Given material:
= Beginning of Section =
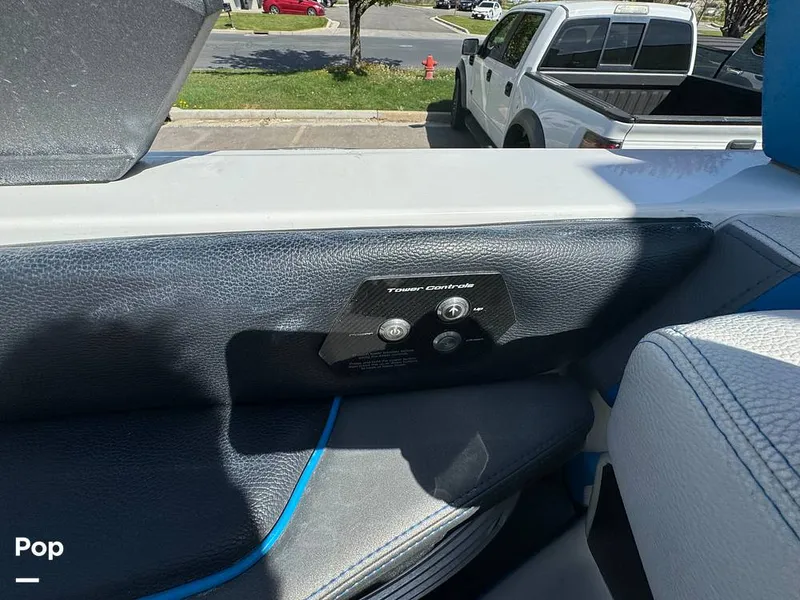 Slide: The Image of Nautique SUPER AIR NAUTIQUE 2019 - 14096836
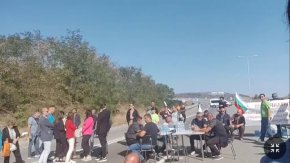 "Да вземем пример от протестиращите край Стара Загора, които не отстъпват и да не направим грешката, която направихте тук в петък и си тръгнахте. Хората там са твърдо решени, стоят там и няма да мръднат", каза Партениотис.
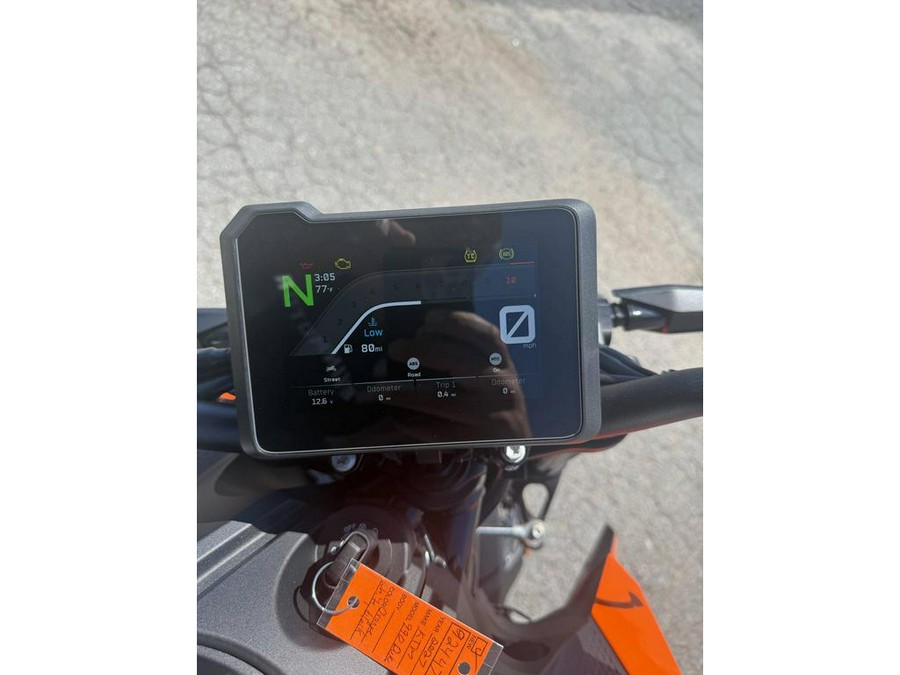 2027 KTM 990 DUKE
= End of Section =
Give again, word for word, the lines above from the one with "вземем пример от" through the final line of the data, both ends included. Do not copy any picture.

Exercise response:
 "Да вземем пример от протестиращите край Стара Загора, които не отстъпват и да не направим грешката, която направихте тук в петък и си тръгнахте. Хората там са твърдо решени, стоят там и няма да мръднат", каза Партениотис.
 2027 KTM 990 DUKE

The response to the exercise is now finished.